USDA will provide some new data for lawmakers to chew on when it releases its new 10-year projections for the farm economy on Thursday.

Conaway plans to start holding subcommittee hearings on the farm bill when lawmakers return from their week-long President’s Day recess. The holiday this year is celebrated on Feb. 20.

Conaway has given no indication that he is interested in restricting SNAP purchasing. Nutrition advocates and the food and beverage industry have long fought such limits.

But a USDA study released in November found that 20 cents of every dollar in SNAP benefits went for sweetened drinks, desserts, salty snacks, candy, and sugar. Another 40 cents is spent on meat, fruits, vegetables, milk eggs, and bread. The remainder goes toward cereal, prepared foods, dairy products, rice, beans, and other cooking ingredients.

“Many of us believe that the more decisions you make on behalf of people, the more dependent they become,” Conaway said, suggesting one option was to incentivize more healthful food choices.  “Everybody will be at the table,” including beverage manufacturers, as the committee considers changes in the program, he said.

The Senate continues to slog through the confirmation process for Trump’s cabinet nominees. His nominee for Agriculture Secretary, Sonny Perdue, is unlikely to get a hearing before March because the Senate Agriculture Committee is still waiting on paperwork and his FBI background check. Two other nominees, Scott Pruitt as EPA administrator and Ryan Zinke as Interior Secretary, are still waiting to get votes on the Senate floor.

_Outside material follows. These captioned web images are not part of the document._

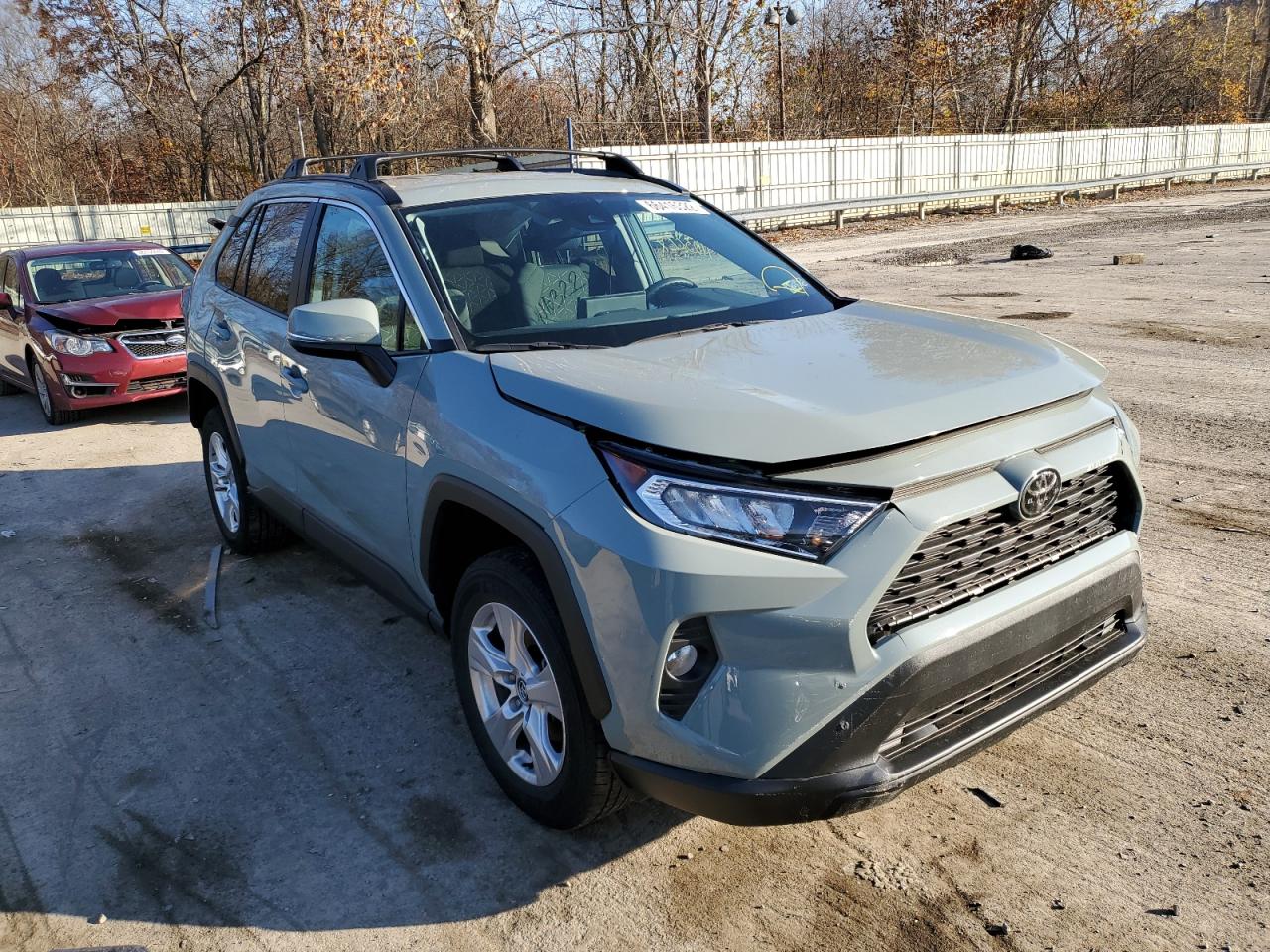 2T3P1RFV0LW095209 TOYOTA RAV4 XLE 2020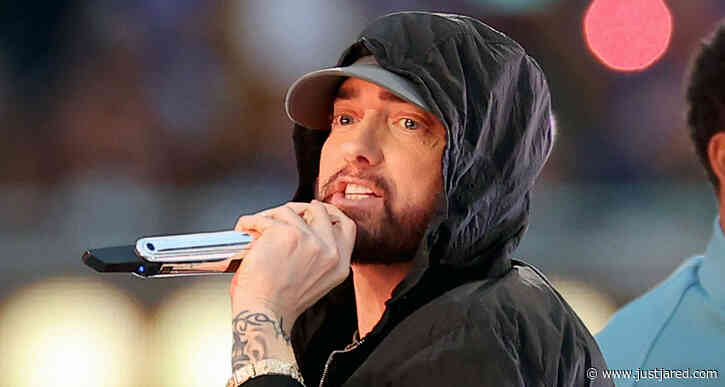 Eminem Releases Second Greatest Hits Album Titled 'Curtain Call 2' - Listen Now!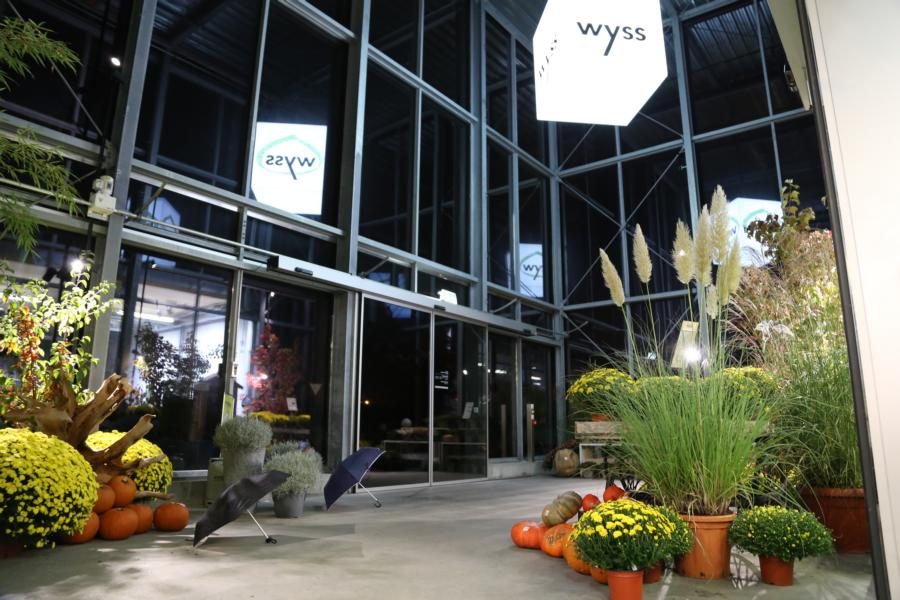 GartenHaus Wyss, weiteres Bild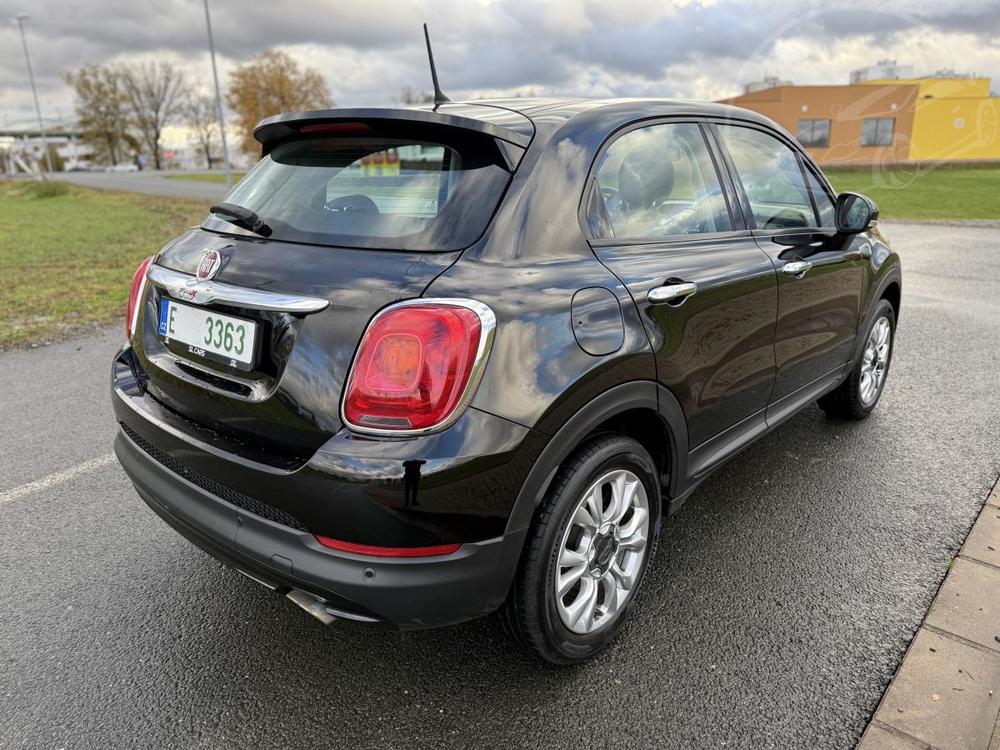 Fiat 500X 1.4 TURBO 1.MAJITEL SERVISKA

Democrats can’t stop any of the nominees from being confirmed as long as Republicans remain unified, but Democrats intend to bring as much attention as possible to nominees such as Pruitt and Puzder. Senate Minority Leader Charles Schumer on Thursday called for Puzder to withdraw from consideration, citing his labor record at CKE Restaurants, the company he runs that owns the Hardee’s and Carl’s Jr. chains.

The Senate Health, Education, Labor and Pensions Committee has scheduled a confirmation hearing on Thursday for Puzder, more than two months after Trump announced his nomination. The Labor Department regulates worker safety and wages and manages the H-2A and H-2b guest-worker programs used by farms and processors.

Even if Democrats can’t stop nominees such as Puzder, they aim to impose “some constraints on their actions and on the president’s actions,” said Schumer.

Puzder spokesman George Thompson called the allegations against the nominee “fake news.” Puzder understands how the right policies can spur economic growth and bring more opportunity for all Americans,” Thompson said.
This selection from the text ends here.